**EXERCISE GOAL:** Every line of the data below is to be given again as it appears, with the images removed.

**PROVIDED DATA:**
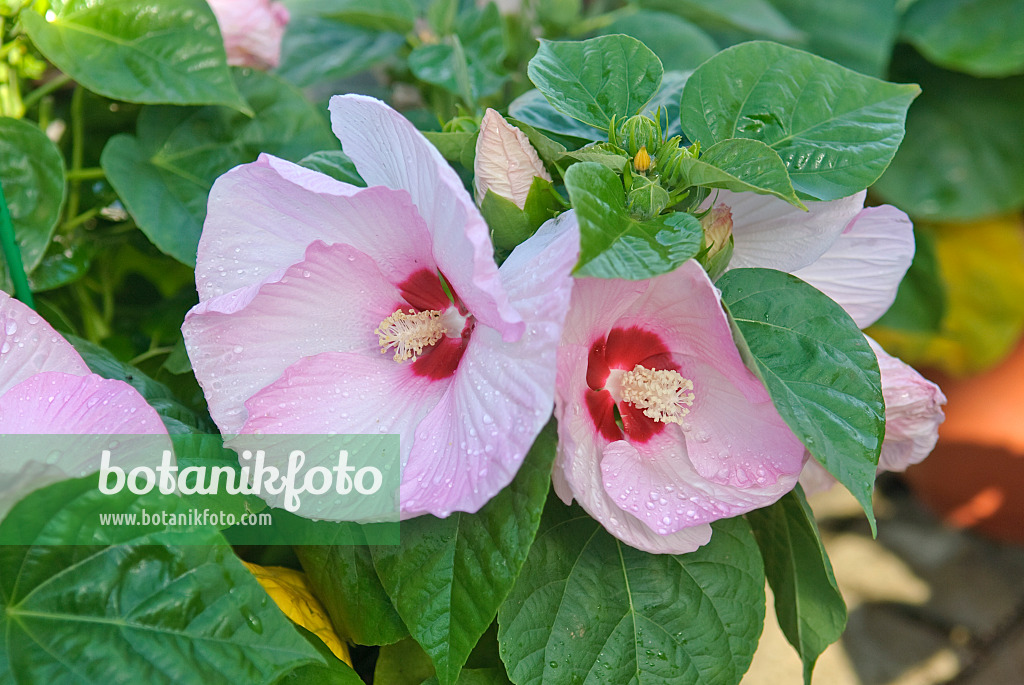 502217 - Swamp rosemallow (Hibiscus moscheutos 'Luna Pink Swirl')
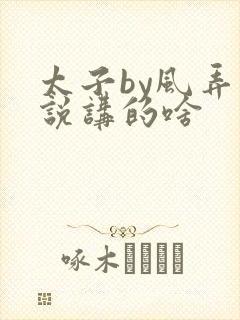 太子by风弄小说讲的啥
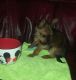 Chorkie Puppies for sale in Los Angeles, CA, USA. price: NA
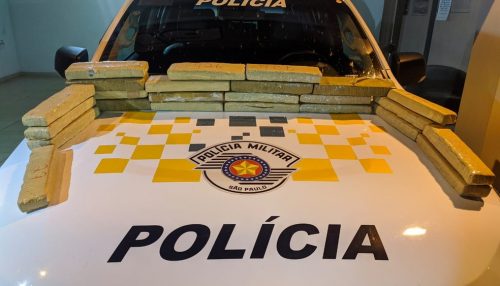 Passageira de ônibus é detida com quase 17 kg de maconha, em Presidente Epitácio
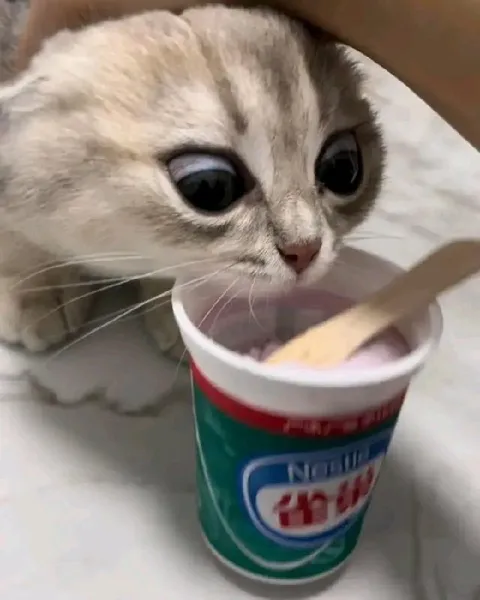 Кот хочет йогурт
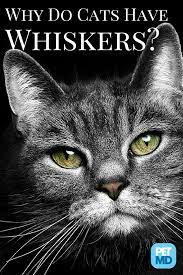 Why Do Cats Have Whiskers Cat Vs Dog Cat Facts Cats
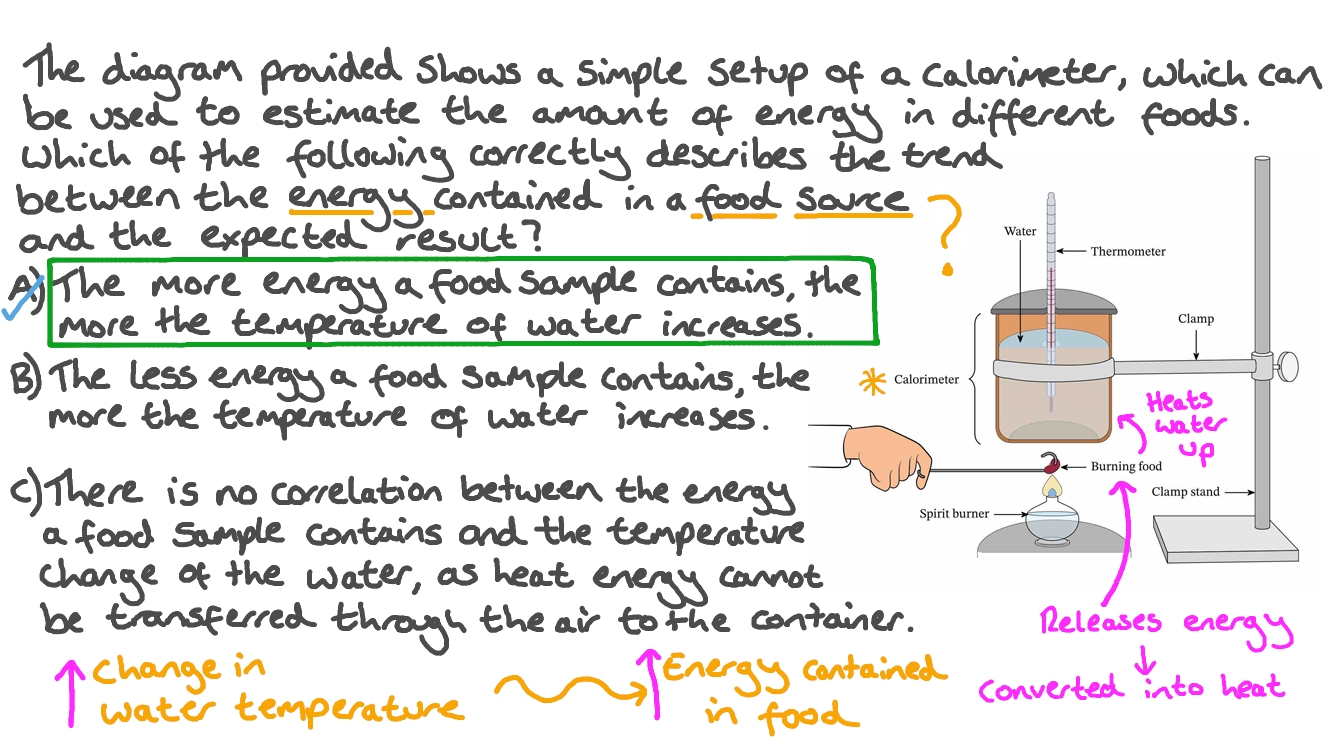 Calorimeter Experiment Sources Of Error at Rudy Reichman blog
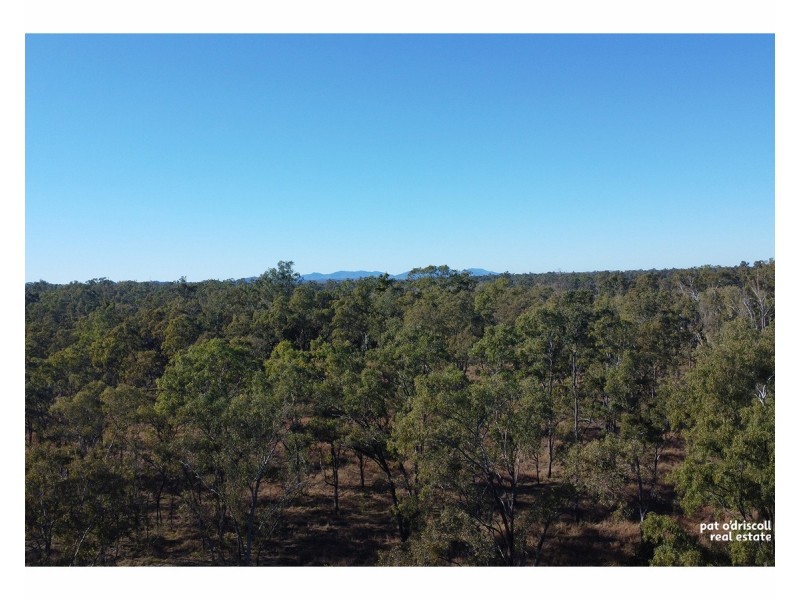 Lot 41,  Augustus Street, Yaamba QLD 4704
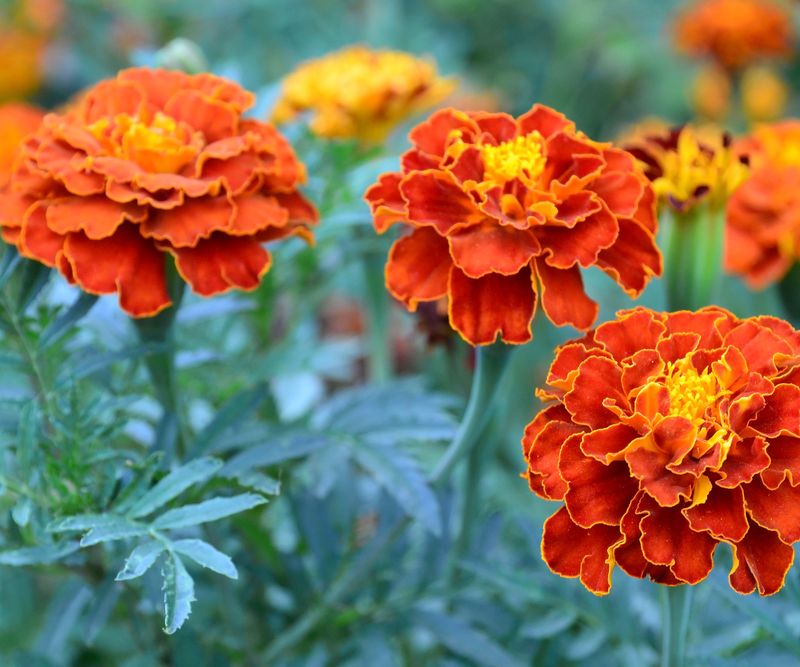 Marigold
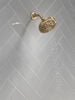 Fixed 5-Setting Showerhead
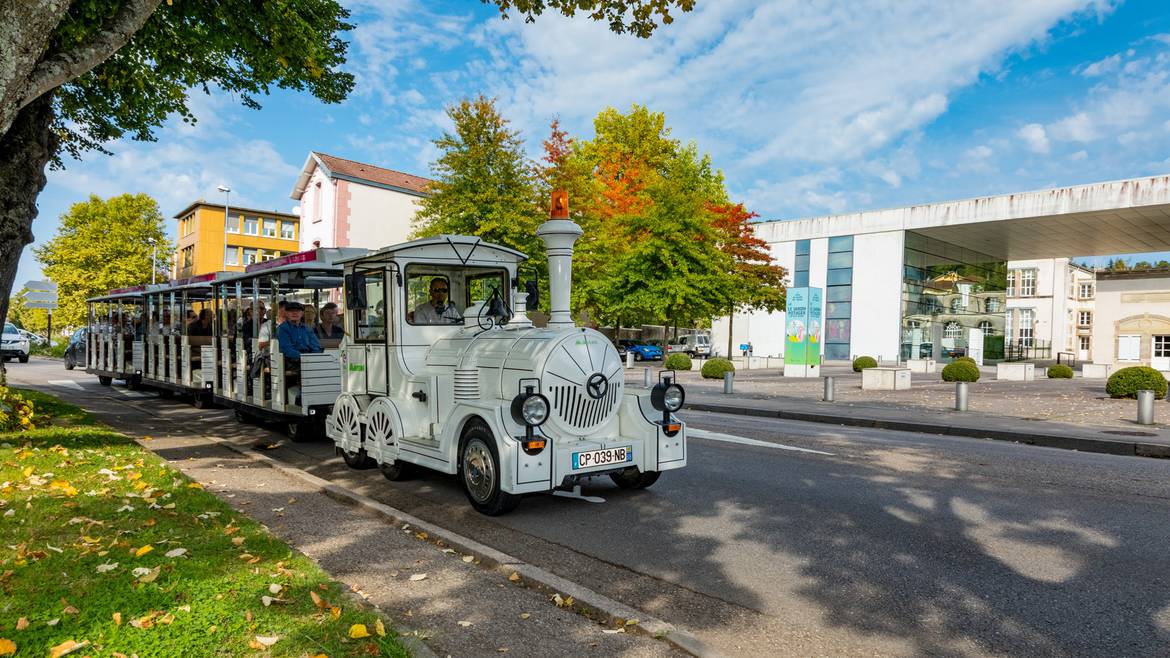 Tour in a Tourist Little Train (1:00)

**OUTPUT FOR THIS EXERCISE:**
 502217 - Swamp rosemallow (Hibiscus moscheutos 'Luna Pink Swirl')
 太子by风弄小说讲的啥
 Chorkie Puppies for sale in Los Angeles, CA, USA. price: NA
 Passageira de ônibus é detida com quase 17 kg de maconha, em Presidente Epitácio
 Кот хочет йогурт
 Why Do Cats Have Whiskers Cat Vs Dog Cat Facts Cats
 Calorimeter Experiment Sources Of Error at Rudy Reichman blog
 Lot 41,  Augustus Street, Yaamba QLD 4704
 Marigold
 Fixed 5-Setting Showerhead
 Tour in a Tourist Little Train (1:00)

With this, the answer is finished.